[Exercise description]: Only one stretch of the data below is needed. Output the lines from the one with "Kakao 79% Chapter 138 page 18" up to and including the one with "Test Doogee S", exactly as they stand.
"""
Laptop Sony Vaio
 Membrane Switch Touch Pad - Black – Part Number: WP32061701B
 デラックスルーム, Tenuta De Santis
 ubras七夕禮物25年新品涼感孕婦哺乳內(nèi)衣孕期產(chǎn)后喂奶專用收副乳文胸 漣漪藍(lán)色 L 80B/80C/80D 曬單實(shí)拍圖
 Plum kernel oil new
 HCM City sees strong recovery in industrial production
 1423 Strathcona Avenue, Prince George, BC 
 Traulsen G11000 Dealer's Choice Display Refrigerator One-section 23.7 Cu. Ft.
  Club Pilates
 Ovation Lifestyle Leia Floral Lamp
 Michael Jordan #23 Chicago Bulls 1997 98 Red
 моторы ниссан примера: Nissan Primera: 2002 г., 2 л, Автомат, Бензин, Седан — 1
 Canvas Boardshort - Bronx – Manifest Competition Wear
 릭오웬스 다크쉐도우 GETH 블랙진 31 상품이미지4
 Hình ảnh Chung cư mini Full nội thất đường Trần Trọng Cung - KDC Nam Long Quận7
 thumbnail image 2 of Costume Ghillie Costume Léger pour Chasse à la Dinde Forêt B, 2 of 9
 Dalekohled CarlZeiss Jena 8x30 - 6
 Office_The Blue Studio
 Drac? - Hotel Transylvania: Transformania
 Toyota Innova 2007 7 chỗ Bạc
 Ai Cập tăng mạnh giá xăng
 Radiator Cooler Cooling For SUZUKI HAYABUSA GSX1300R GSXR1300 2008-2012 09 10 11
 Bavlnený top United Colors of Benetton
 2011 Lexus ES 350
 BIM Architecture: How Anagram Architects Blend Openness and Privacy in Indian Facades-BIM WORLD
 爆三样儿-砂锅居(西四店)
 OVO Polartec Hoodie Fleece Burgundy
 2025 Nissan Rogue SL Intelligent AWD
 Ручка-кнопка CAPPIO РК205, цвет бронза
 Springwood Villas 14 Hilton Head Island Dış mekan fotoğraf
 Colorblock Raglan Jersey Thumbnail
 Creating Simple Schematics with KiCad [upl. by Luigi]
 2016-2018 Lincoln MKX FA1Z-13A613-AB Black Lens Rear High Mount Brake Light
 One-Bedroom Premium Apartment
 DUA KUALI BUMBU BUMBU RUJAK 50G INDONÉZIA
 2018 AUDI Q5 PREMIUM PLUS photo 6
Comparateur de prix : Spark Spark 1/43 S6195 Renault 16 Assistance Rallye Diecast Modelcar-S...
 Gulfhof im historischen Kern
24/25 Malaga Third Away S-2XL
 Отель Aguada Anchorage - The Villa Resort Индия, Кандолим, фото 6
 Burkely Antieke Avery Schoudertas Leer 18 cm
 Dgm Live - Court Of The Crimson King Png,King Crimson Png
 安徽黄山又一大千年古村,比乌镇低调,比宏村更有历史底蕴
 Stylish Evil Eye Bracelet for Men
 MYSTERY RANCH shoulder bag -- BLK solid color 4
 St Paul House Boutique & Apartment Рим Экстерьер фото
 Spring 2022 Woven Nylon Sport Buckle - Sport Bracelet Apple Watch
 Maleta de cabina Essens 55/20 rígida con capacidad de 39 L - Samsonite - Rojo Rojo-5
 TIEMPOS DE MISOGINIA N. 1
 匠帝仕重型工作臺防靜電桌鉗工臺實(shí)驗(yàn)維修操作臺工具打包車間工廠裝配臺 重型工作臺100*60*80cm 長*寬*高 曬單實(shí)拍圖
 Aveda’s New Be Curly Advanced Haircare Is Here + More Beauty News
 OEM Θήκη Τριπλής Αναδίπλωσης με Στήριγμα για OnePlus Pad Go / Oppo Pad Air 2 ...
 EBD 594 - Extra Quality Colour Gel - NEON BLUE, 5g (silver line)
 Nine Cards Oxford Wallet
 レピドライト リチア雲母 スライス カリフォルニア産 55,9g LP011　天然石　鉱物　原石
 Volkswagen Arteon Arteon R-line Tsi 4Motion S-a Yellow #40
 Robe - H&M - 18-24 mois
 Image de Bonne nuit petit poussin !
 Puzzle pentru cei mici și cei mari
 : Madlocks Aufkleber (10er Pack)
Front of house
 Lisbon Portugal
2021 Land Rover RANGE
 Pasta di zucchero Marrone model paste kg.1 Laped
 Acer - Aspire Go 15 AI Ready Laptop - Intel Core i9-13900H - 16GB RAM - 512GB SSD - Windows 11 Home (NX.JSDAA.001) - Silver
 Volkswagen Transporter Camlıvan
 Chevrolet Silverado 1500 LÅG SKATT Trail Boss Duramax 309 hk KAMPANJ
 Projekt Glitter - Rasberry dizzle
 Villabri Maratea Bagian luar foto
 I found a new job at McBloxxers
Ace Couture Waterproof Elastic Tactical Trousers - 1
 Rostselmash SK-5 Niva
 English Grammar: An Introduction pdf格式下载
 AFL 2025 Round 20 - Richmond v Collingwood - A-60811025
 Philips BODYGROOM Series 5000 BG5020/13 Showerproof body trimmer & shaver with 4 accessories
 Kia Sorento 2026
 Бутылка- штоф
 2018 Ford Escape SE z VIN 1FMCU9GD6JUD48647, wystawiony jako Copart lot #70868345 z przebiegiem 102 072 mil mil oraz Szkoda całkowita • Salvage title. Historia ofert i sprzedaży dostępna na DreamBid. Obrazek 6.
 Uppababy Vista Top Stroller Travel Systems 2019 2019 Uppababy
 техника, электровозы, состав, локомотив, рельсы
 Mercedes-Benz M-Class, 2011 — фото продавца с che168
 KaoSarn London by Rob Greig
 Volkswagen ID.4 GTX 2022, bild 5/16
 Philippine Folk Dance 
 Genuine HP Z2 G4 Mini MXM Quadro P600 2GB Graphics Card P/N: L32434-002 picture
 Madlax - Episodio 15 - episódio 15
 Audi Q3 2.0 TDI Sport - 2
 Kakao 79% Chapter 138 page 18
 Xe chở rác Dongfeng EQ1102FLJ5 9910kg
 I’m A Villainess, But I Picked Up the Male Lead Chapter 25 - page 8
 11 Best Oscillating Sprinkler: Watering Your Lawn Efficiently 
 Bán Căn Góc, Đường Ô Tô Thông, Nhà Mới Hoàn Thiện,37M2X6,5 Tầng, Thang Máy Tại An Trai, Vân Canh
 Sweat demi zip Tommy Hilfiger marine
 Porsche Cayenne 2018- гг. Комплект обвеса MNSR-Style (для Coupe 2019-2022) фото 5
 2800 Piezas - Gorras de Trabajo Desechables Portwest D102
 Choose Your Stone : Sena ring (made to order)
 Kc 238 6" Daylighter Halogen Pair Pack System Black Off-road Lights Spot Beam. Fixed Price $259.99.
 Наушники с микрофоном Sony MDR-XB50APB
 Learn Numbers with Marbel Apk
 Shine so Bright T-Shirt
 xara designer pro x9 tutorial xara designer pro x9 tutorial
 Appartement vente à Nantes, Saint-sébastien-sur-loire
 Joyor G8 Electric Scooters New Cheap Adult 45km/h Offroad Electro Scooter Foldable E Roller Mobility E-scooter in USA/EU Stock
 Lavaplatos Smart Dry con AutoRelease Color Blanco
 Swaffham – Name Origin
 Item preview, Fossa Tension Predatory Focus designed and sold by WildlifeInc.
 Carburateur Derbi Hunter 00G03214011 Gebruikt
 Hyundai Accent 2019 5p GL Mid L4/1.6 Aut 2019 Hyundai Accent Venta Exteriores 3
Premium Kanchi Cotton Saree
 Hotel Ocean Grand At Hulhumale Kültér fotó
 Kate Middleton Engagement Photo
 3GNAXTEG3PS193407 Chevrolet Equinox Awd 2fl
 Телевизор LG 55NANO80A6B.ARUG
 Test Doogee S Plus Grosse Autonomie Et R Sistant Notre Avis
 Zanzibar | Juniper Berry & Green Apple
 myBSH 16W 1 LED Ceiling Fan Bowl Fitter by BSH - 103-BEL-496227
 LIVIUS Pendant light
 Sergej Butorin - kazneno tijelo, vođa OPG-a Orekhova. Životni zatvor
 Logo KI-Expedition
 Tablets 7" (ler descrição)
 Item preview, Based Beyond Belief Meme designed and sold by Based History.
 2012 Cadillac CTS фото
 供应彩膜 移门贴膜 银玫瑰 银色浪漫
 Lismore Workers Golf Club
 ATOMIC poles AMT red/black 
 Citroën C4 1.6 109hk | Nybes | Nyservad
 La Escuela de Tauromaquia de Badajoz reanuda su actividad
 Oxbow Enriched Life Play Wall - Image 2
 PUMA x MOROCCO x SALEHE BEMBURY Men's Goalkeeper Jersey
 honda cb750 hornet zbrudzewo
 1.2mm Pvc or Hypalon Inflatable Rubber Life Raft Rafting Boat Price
"""
[Exercise solution]:
 Kakao 79% Chapter 138 page 18
 Xe chở rác Dongfeng EQ1102FLJ5 9910kg
 I’m A Villainess, But I Picked Up the Male Lead Chapter 25 - page 8
 11 Best Oscillating Sprinkler: Watering Your Lawn Efficiently 
 Bán Căn Góc, Đường Ô Tô Thông, Nhà Mới Hoàn Thiện,37M2X6,5 Tầng, Thang Máy Tại An Trai, Vân Canh
 Sweat demi zip Tommy Hilfiger marine
 Porsche Cayenne 2018- гг. Комплект обвеса MNSR-Style (для Coupe 2019-2022) фото 5
 2800 Piezas - Gorras de Trabajo Desechables Portwest D102
 Choose Your Stone : Sena ring (made to order)
 Kc 238 6" Daylighter Halogen Pair Pack System Black Off-road Lights Spot Beam. Fixed Price $259.99.
 Наушники с микрофоном Sony MDR-XB50APB
 Learn Numbers with Marbel Apk
 Shine so Bright T-Shirt
 xara designer pro x9 tutorial xara designer pro x9 tutorial
 Appartement vente à Nantes, Saint-sébastien-sur-loire
 Joyor G8 Electric Scooters New Cheap Adult 45km/h Offroad Electro Scooter Foldable E Roller Mobility E-scooter in USA/EU Stock
 Lavaplatos Smart Dry con AutoRelease Color Blanco
 Swaffham – Name Origin
 Item preview, Fossa Tension Predatory Focus designed and sold by WildlifeInc.
 Carburateur Derbi Hunter 00G03214011 Gebruikt
 Hyundai Accent 2019 5p GL Mid L4/1.6 Aut 2019 Hyundai Accent Venta Exteriores 3
Premium Kanchi Cotton Saree
 Hotel Ocean Grand At Hulhumale Kültér fotó
 Kate Middleton Engagement Photo
 3GNAXTEG3PS193407 Chevrolet Equinox Awd 2fl
 Телевизор LG 55NANO80A6B.ARUG
 Test Doogee S Plus Grosse Autonomie Et R Sistant Notre Avis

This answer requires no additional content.